### What the exercise asks
From the material below, retype exactly the lines that begin at the line with "High quality scott" and end after the line with "camp fire png"; pictures stay out of the copy.

### Input material
══════════════════════════════
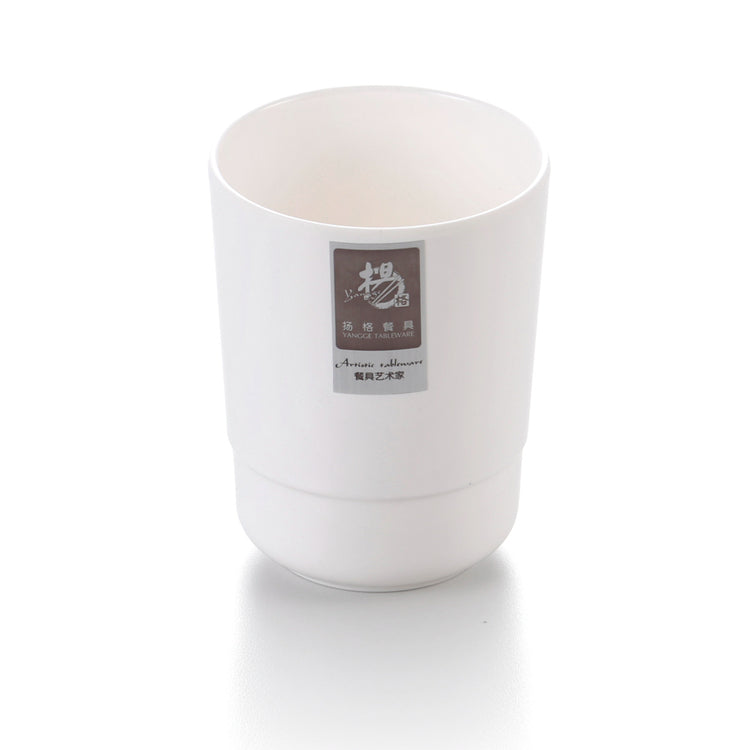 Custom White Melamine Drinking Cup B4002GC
══════════════════════════════
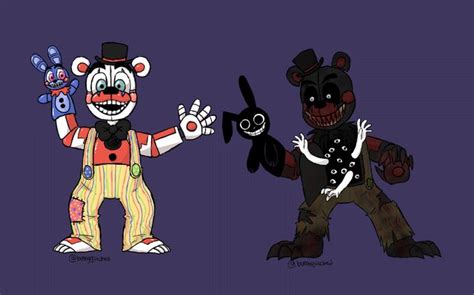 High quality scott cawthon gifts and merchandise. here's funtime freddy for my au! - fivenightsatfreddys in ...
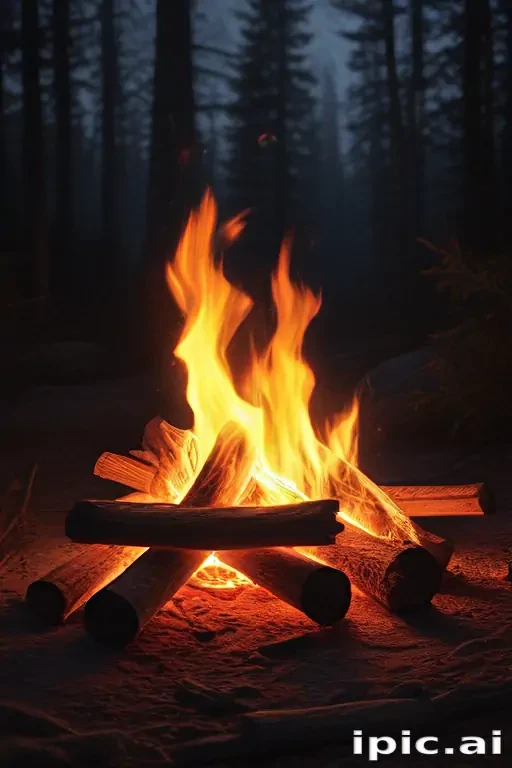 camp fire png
══════════════════════════════
### Output for this task
 High quality scott cawthon gifts and merchandise. here's funtime freddy for my au! - fivenightsatfreddys in ...
 camp fire png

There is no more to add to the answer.